Caption-style text data
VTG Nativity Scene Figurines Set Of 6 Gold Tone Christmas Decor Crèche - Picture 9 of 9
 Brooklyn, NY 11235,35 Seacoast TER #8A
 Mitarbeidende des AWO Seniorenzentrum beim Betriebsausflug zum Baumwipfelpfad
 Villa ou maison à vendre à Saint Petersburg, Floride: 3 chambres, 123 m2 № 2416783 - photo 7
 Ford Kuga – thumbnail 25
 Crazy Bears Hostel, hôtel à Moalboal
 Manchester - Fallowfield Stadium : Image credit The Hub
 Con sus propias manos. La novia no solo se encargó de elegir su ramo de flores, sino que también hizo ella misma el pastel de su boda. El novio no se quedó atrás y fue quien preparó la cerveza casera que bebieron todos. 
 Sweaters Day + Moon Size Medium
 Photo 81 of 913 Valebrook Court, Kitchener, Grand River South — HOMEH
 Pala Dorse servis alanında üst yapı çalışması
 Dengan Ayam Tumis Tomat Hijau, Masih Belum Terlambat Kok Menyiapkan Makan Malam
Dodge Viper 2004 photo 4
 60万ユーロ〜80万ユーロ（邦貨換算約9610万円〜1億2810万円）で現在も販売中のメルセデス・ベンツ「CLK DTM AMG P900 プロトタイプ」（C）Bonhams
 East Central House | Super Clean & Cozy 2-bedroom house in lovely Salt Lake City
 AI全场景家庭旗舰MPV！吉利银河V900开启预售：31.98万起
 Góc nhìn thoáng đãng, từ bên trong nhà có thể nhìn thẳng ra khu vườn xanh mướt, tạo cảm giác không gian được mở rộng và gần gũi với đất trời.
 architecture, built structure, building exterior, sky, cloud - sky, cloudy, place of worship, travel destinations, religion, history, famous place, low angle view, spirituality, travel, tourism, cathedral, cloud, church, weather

■ **THE PROBLEM**
Whatever appears in the data above is to be set down exactly.

■ **REPLY TO THE EXERCISE**
VTG Nativity Scene Figurines Set Of 6 Gold Tone Christmas Decor Crèche - Picture 9 of 9
 Brooklyn, NY 11235,35 Seacoast TER #8A
 Mitarbeidende des AWO Seniorenzentrum beim Betriebsausflug zum Baumwipfelpfad
 Villa ou maison à vendre à Saint Petersburg, Floride: 3 chambres, 123 m2 № 2416783 - photo 7
 Ford Kuga – thumbnail 25
 Crazy Bears Hostel, hôtel à Moalboal
 Manchester - Fallowfield Stadium : Image credit The Hub
 Con sus propias manos. La novia no solo se encargó de elegir su ramo de flores, sino que también hizo ella misma el pastel de su boda. El novio no se quedó atrás y fue quien preparó la cerveza casera que bebieron todos. 
 Sweaters Day + Moon Size Medium
 Photo 81 of 913 Valebrook Court, Kitchener, Grand River South — HOMEH
 Pala Dorse servis alanında üst yapı çalışması
 Dengan Ayam Tumis Tomat Hijau, Masih Belum Terlambat Kok Menyiapkan Makan Malam
Dodge Viper 2004 photo 4
 60万ユーロ〜80万ユーロ（邦貨換算約9610万円〜1億2810万円）で現在も販売中のメルセデス・ベンツ「CLK DTM AMG P900 プロトタイプ」（C）Bonhams
 East Central House | Super Clean & Cozy 2-bedroom house in lovely Salt Lake City
 AI全场景家庭旗舰MPV！吉利银河V900开启预售：31.98万起
 Góc nhìn thoáng đãng, từ bên trong nhà có thể nhìn thẳng ra khu vườn xanh mướt, tạo cảm giác không gian được mở rộng và gần gũi với đất trời.
 architecture, built structure, building exterior, sky, cloud - sky, cloudy, place of worship, travel destinations, religion, history, famous place, low angle view, spirituality, travel, tourism, cathedral, cloud, church, weather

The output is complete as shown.